● Task to complete
Reproduce only the lines of the material below that start at the line containing "Чайник со свистком TimA WTK250" and stop at the line containing "5 пар утолщенных". Keep both end lines.

═════ Dataset excerpts ═════

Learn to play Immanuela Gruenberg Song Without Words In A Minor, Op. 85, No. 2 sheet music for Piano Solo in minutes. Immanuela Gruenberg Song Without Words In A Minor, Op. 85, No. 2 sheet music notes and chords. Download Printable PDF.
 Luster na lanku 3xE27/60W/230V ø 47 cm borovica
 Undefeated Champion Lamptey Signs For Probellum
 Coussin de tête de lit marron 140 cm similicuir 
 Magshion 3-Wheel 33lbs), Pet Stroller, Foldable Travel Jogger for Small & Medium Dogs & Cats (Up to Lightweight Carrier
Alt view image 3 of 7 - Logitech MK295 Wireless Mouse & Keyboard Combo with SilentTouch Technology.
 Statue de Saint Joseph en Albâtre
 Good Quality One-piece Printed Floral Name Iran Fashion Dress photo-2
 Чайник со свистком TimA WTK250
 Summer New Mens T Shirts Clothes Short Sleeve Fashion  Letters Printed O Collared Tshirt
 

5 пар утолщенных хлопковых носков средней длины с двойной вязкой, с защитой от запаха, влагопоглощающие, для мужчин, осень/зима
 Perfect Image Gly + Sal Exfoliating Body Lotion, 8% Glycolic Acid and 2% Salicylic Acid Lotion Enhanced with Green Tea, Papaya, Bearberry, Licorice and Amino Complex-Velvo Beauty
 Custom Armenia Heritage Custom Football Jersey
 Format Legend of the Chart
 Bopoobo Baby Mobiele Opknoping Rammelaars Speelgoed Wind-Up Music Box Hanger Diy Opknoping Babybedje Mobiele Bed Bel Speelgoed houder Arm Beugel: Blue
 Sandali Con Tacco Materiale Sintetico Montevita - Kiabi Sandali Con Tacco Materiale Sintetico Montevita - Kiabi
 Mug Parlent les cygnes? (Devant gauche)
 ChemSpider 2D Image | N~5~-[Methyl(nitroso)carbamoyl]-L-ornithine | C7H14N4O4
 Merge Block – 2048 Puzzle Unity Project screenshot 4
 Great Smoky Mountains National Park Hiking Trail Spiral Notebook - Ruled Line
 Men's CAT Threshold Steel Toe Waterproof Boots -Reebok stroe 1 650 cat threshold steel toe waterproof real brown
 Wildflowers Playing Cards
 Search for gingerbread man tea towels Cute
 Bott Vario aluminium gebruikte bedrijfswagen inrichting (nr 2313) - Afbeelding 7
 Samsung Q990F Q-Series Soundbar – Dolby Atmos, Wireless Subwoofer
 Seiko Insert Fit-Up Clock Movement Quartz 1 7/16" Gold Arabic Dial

═════

● Response
 Чайник со свистком TimA WTK250
 Summer New Mens T Shirts Clothes Short Sleeve Fashion  Letters Printed O Collared Tshirt
 

5 пар утолщенных хлопковых носков средней длины с двойной вязкой, с защитой от запаха, влагопоглощающие, для мужчин, осень/зима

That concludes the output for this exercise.